### What you will do
Please copy exactly the lines that run from the start of the entries to the line containing "Diffuseur central Arrière", inclusive.
(Beginning of Dataset extract)
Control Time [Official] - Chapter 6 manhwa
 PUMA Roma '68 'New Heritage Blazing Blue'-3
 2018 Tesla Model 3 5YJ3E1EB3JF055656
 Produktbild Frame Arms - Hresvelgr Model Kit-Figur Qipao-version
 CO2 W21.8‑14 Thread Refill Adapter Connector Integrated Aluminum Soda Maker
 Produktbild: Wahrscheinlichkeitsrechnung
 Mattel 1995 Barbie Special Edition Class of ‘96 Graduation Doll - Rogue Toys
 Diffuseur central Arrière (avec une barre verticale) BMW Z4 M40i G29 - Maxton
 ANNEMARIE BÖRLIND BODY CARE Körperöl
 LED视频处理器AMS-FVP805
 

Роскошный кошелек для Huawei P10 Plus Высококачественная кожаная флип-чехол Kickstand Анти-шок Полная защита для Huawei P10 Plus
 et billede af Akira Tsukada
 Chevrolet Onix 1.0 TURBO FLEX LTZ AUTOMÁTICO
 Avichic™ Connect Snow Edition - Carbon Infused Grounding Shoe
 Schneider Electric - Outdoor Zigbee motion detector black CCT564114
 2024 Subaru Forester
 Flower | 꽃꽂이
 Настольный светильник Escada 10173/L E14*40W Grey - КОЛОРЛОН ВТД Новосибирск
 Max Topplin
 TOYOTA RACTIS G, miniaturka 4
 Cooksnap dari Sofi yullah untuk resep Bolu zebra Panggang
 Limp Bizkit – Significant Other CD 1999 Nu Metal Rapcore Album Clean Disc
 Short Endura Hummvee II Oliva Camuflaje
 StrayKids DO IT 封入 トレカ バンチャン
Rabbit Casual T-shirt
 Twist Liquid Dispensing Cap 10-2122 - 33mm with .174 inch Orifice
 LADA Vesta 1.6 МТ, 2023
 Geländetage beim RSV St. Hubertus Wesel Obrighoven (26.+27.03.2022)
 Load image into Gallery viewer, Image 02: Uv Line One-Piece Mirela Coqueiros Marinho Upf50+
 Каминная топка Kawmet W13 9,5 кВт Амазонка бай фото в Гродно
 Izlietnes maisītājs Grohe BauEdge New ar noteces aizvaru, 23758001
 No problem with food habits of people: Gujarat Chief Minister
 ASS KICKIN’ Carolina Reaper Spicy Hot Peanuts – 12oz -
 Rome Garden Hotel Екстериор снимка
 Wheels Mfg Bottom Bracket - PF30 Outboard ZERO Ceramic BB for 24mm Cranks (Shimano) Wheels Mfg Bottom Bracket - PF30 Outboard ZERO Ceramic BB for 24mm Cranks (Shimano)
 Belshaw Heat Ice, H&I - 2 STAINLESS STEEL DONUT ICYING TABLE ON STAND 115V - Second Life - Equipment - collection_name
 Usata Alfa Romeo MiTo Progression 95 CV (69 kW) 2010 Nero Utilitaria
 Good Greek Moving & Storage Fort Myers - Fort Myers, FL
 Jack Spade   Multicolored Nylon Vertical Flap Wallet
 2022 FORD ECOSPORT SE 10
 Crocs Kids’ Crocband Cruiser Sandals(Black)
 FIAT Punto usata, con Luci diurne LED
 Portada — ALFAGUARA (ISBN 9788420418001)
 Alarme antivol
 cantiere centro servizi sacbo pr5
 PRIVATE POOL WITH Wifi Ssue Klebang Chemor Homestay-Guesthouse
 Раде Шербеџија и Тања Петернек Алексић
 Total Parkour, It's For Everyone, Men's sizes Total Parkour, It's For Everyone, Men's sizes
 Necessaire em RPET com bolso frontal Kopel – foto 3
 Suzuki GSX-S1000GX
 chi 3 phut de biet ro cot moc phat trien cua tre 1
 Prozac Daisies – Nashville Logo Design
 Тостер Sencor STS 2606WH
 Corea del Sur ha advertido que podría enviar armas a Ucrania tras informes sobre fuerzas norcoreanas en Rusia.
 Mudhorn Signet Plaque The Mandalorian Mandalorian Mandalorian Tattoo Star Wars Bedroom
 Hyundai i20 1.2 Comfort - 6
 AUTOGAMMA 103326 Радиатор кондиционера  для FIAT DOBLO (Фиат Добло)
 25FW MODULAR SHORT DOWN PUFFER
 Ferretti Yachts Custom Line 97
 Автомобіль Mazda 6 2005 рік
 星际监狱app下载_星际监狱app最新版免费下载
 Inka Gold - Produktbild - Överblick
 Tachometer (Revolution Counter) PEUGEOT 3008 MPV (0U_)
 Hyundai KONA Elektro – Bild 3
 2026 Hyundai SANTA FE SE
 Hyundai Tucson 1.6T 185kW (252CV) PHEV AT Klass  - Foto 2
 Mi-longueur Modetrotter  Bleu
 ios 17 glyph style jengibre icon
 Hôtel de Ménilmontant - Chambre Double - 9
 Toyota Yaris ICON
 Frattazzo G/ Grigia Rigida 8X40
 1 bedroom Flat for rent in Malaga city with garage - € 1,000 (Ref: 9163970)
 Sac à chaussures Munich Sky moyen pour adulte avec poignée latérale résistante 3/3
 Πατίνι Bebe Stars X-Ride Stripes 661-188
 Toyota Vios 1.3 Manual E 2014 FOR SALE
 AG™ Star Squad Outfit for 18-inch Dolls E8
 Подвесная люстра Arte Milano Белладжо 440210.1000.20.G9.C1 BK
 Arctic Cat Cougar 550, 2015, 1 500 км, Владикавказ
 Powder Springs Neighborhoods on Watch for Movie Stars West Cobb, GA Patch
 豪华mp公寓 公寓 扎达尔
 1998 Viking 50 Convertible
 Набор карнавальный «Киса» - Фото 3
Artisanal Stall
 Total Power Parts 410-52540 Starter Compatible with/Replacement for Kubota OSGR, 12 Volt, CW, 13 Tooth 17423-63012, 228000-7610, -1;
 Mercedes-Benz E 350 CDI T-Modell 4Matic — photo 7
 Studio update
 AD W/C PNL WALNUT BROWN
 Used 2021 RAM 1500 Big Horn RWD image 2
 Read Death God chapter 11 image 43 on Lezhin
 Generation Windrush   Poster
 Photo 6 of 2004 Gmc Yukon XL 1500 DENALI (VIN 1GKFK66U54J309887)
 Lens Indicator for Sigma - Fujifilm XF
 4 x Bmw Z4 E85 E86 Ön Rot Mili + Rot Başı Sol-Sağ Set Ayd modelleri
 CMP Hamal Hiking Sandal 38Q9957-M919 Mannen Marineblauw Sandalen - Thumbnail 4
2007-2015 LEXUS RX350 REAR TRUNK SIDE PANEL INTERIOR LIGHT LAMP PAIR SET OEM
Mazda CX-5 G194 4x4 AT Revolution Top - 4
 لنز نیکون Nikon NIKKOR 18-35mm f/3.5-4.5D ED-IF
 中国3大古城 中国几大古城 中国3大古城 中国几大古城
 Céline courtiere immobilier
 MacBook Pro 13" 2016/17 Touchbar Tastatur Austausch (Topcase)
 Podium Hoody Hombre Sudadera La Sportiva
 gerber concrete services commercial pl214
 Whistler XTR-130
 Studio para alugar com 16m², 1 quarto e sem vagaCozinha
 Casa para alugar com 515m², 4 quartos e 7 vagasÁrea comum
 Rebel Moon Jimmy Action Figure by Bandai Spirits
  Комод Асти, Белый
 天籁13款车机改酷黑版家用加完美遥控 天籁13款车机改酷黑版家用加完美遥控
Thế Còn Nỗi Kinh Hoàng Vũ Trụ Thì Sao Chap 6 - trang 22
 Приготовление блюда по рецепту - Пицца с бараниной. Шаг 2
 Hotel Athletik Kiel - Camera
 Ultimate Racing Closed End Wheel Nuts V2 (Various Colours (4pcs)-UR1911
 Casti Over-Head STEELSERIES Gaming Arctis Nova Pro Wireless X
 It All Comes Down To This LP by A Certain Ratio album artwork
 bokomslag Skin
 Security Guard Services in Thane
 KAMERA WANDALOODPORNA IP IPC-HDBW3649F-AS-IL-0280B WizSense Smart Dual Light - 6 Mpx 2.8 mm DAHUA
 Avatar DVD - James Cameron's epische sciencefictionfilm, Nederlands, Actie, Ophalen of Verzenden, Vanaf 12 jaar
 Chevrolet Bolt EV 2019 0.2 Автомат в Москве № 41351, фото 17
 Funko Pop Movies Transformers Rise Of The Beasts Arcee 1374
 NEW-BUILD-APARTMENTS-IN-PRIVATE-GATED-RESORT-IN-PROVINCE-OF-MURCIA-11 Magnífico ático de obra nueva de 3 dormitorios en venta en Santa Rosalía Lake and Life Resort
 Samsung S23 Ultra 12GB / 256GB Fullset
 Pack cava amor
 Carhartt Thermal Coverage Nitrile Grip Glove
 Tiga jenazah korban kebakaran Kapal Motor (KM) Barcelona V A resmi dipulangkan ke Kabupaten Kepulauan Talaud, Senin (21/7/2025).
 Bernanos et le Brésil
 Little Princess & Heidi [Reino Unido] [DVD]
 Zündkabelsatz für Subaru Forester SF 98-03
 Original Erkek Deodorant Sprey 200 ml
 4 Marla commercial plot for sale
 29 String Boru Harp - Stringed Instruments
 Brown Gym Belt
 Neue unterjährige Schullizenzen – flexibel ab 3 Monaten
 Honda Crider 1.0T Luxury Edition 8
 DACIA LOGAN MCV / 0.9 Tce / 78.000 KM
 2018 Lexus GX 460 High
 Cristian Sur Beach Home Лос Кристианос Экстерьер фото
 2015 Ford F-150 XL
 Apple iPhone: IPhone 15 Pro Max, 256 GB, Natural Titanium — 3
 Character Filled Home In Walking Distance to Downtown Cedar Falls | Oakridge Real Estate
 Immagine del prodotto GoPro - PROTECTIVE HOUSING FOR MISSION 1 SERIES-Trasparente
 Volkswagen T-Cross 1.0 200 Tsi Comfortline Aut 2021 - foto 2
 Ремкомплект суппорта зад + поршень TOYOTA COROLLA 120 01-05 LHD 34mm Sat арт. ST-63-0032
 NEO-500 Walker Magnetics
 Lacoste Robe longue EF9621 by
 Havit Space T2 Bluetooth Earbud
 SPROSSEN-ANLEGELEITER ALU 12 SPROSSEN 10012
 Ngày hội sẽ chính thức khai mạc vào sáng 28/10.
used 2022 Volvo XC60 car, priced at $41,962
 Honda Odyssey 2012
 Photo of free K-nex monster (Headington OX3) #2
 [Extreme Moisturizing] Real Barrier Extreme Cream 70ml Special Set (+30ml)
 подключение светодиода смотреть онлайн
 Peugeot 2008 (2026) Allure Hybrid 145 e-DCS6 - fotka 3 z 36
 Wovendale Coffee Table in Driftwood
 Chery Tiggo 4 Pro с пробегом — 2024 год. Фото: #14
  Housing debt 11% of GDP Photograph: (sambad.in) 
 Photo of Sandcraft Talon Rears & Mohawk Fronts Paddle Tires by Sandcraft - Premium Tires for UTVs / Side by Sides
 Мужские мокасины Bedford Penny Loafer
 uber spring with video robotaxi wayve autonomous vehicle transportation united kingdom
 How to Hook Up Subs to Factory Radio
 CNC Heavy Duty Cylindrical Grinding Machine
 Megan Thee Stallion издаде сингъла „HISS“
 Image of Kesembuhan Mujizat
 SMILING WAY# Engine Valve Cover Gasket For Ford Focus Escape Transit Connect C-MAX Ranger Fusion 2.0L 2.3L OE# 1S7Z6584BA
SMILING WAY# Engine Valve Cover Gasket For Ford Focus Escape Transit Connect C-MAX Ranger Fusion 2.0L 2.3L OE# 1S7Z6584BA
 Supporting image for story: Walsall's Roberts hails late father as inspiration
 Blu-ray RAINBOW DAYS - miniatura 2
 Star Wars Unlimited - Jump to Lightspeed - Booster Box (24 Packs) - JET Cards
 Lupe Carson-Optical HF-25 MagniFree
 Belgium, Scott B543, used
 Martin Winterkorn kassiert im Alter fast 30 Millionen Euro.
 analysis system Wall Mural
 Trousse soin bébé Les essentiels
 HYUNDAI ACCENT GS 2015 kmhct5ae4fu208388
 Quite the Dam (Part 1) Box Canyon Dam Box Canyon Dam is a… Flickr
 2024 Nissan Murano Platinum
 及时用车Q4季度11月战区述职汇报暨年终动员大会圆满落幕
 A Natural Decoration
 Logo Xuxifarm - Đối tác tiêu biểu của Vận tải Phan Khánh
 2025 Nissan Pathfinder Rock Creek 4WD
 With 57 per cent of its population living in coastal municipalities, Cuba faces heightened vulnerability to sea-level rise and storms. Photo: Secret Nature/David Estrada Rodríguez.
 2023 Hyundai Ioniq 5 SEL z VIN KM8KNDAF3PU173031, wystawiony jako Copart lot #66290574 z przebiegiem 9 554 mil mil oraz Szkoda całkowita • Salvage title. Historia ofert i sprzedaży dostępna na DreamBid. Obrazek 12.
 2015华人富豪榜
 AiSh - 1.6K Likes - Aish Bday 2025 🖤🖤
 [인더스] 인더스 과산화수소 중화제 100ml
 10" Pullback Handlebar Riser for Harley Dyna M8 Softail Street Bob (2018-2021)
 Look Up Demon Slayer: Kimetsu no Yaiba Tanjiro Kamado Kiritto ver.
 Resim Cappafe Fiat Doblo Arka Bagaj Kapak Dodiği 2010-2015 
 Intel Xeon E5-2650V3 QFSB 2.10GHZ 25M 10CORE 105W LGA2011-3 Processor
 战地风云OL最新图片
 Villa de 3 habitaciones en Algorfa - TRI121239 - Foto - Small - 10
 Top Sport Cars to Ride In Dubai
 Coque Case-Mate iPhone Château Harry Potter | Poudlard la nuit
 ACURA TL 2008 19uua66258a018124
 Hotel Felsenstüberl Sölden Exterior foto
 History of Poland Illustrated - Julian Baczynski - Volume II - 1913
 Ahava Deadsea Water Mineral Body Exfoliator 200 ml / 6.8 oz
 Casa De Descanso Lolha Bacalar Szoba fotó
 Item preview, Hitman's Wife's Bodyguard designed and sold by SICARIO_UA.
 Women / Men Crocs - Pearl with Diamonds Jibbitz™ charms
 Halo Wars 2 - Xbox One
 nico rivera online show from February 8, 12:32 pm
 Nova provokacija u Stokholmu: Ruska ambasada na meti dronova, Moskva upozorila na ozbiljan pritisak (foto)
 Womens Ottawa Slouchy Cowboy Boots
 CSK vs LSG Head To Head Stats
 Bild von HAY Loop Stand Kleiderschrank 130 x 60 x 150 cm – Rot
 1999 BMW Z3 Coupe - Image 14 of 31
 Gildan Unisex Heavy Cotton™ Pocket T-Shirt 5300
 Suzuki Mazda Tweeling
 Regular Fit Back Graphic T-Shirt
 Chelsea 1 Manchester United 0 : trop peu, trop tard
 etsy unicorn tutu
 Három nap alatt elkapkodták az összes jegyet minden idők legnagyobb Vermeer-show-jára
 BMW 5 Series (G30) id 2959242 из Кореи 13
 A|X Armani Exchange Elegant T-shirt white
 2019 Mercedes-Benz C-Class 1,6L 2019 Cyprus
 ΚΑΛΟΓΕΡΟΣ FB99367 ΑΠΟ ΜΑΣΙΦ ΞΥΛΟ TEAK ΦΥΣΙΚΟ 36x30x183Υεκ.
(End of Dataset extract)
### Solution
Control Time [Official] - Chapter 6 manhwa
 PUMA Roma '68 'New Heritage Blazing Blue'-3
 2018 Tesla Model 3 5YJ3E1EB3JF055656
 Produktbild Frame Arms - Hresvelgr Model Kit-Figur Qipao-version
 CO2 W21.8‑14 Thread Refill Adapter Connector Integrated Aluminum Soda Maker
 Produktbild: Wahrscheinlichkeitsrechnung
 Mattel 1995 Barbie Special Edition Class of ‘96 Graduation Doll - Rogue Toys
 Diffuseur central Arrière (avec une barre verticale) BMW Z4 M40i G29 - Maxton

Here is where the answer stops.